[What the task requires] Find the line that contains "snapshot_025a2782_62dfd9a0"; please output it and each line after it, exactly as shown, up to the end of the entries below, skipping pictures.
**** Provided material ****
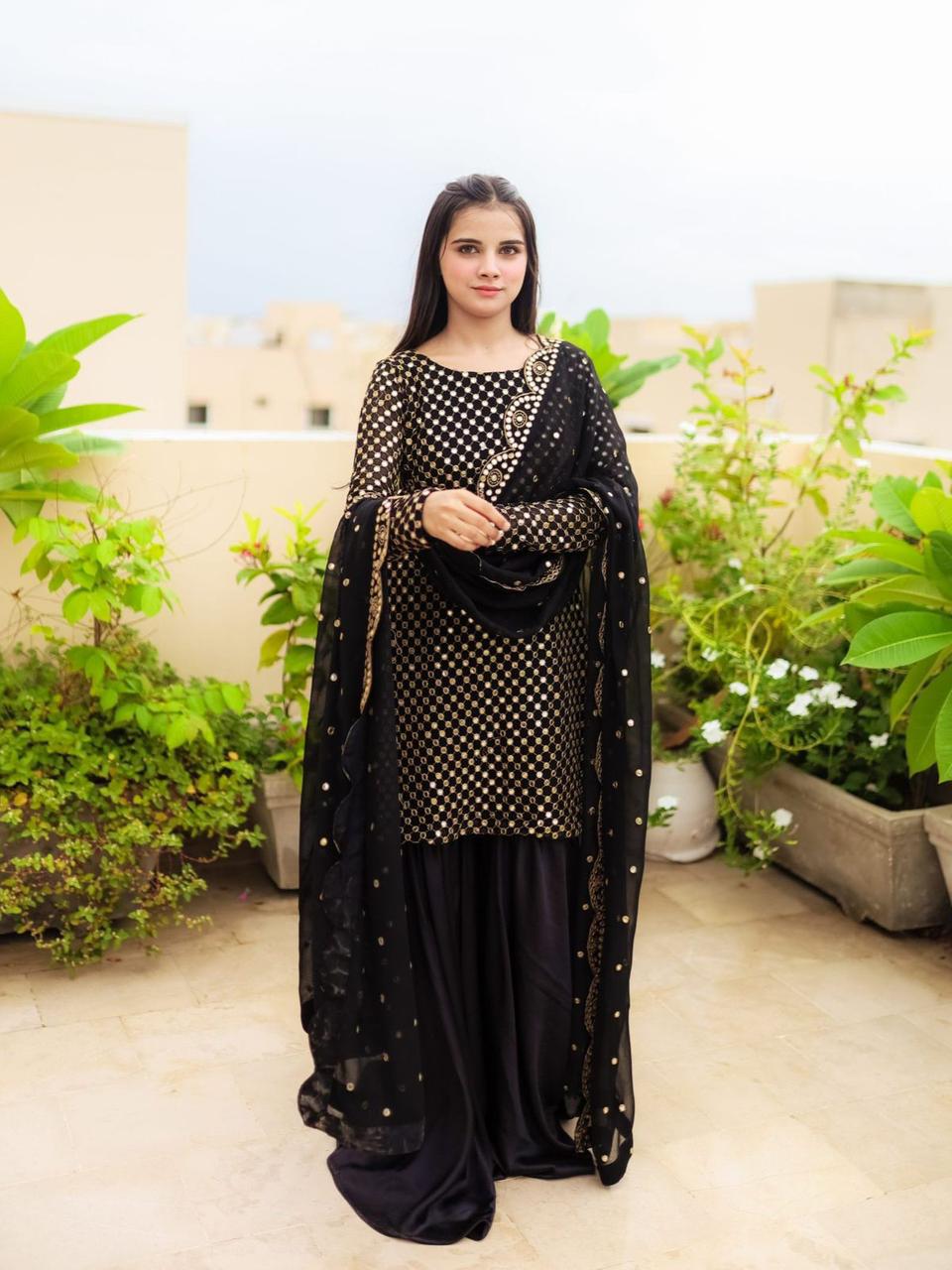 🔥#fancy #collection 🔥9mm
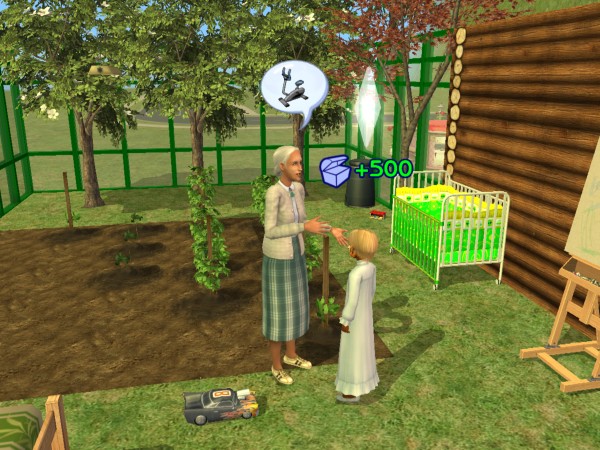 snapshot_025a2782_62dfd9a0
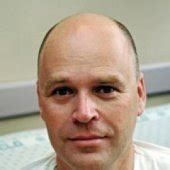 Treating Heart Attacks in Record Time with the Most Advanced Technology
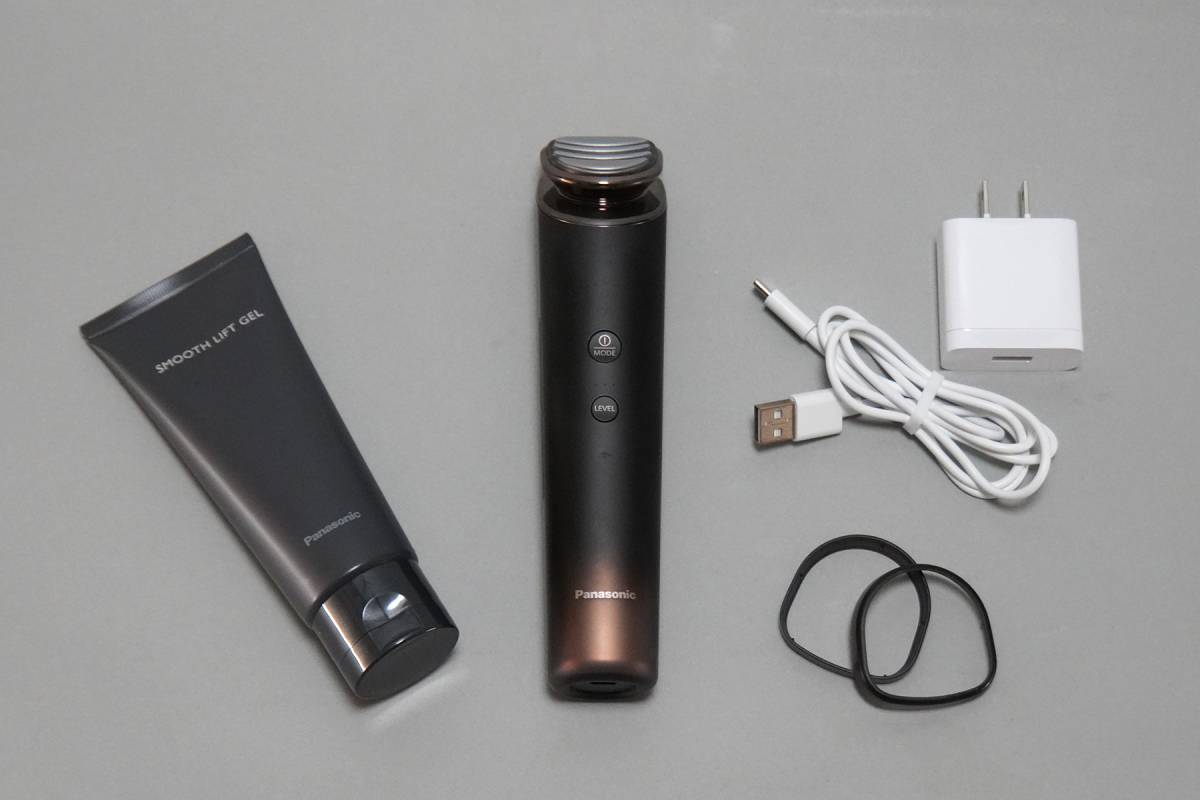 2025最新】パナソニック「バイタリフト RF EX」を徹底レビュー！従来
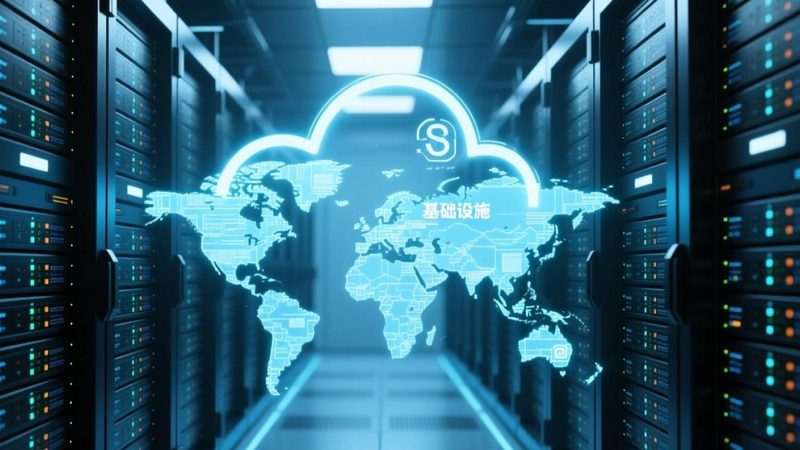 游泳馆防水补漏工程报价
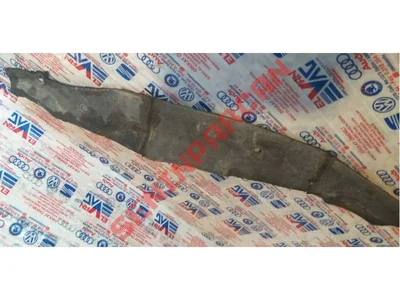 6K0853969B - KAPAM PARÇA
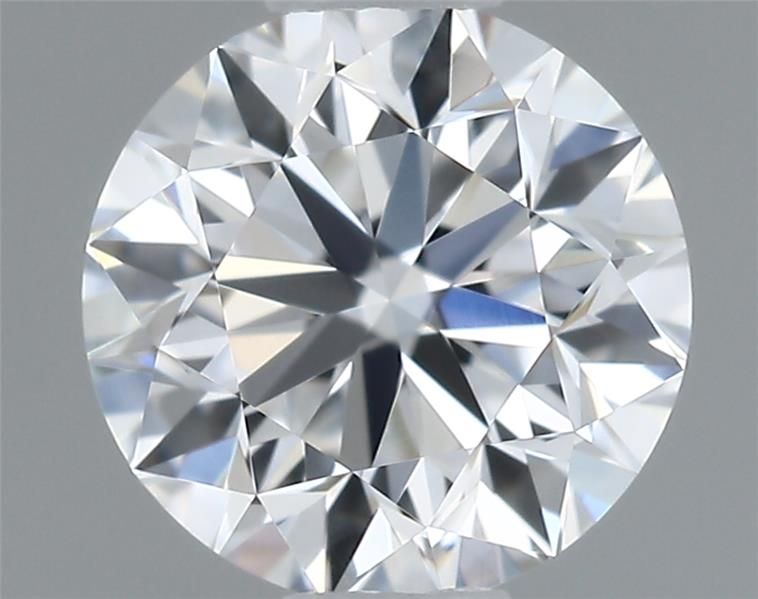 0.35 Carat
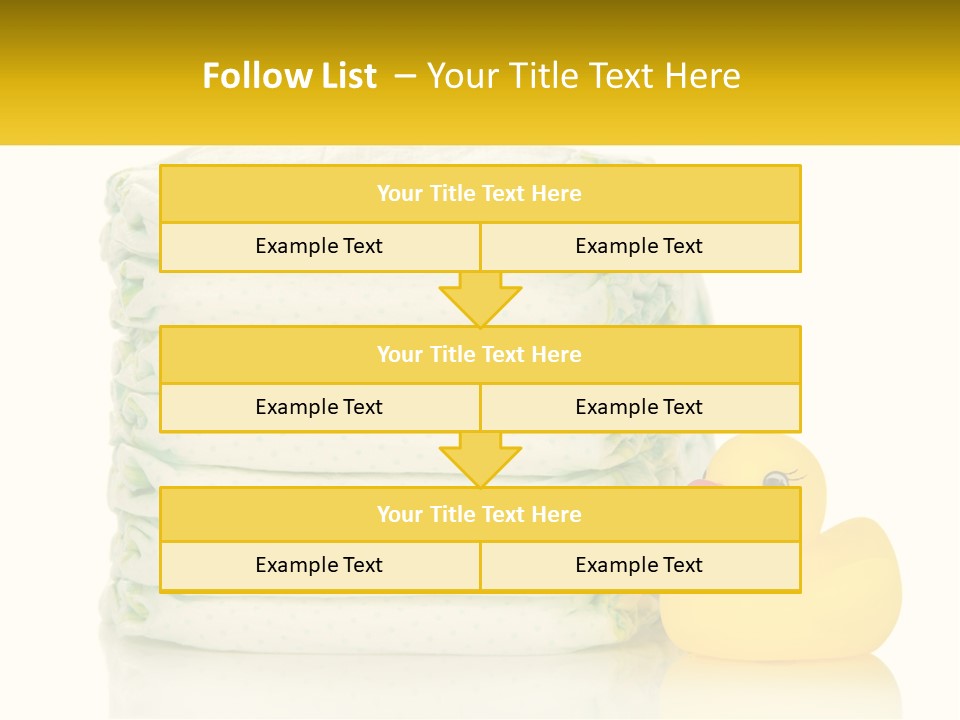 Switch Climate Electricity PowerPoint Template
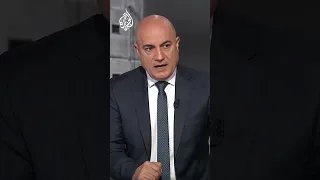 القسام تدمير آليات إسرائيلية شرق غزة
****
[Answer to this exercise]
 snapshot_025a2782_62dfd9a0
 Treating Heart Attacks in Record Time with the Most Advanced Technology
 2025最新】パナソニック「バイタリフト RF EX」を徹底レビュー！従来
 游泳馆防水补漏工程报价
 6K0853969B - KAPAM PARÇA
 0.35 Carat
 Switch Climate Electricity PowerPoint Template
 القسام تدمير آليات إسرائيلية شرق غزة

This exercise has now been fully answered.